Information

┌──

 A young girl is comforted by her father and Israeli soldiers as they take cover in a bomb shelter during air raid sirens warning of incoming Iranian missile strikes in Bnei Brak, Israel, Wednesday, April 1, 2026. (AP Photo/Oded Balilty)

└──
┌──

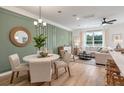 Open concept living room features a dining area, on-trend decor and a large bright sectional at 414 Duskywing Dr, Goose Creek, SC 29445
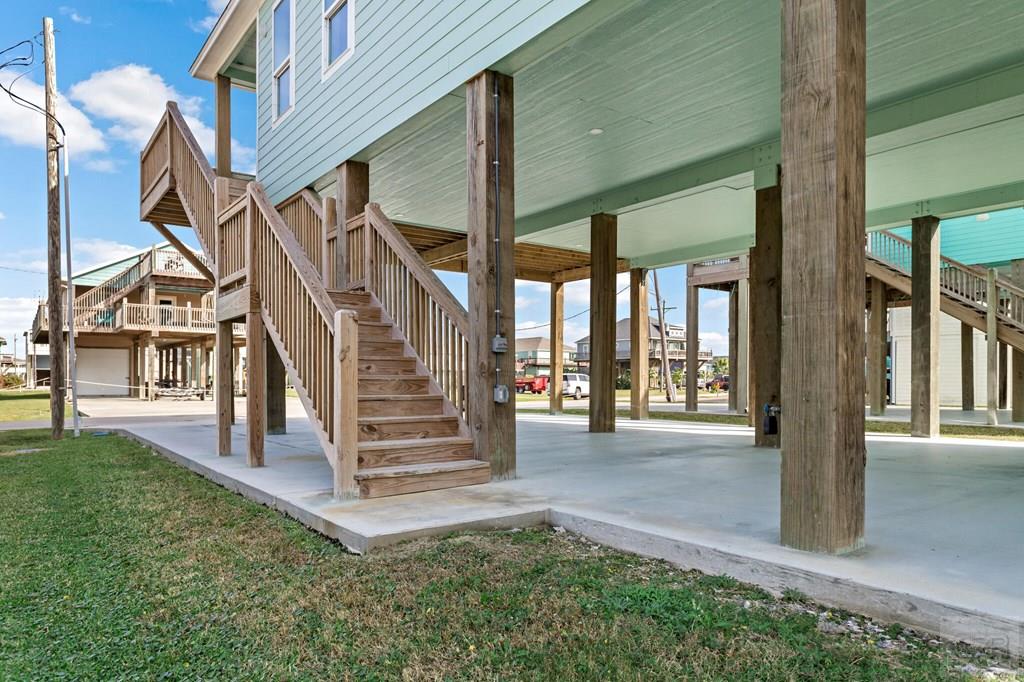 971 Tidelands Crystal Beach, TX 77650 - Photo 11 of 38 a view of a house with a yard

└──

Activity
How would the lines above read from the one with "Open concept living" to the one with "971 Tidelands Crystal", inclusive, with no pictures? Write them out exactly.

Exercise result
 Open concept living room features a dining area, on-trend decor and a large bright sectional at 414 Duskywing Dr, Goose Creek, SC 29445
 971 Tidelands Crystal Beach, TX 77650 - Photo 11 of 38 a view of a house with a yard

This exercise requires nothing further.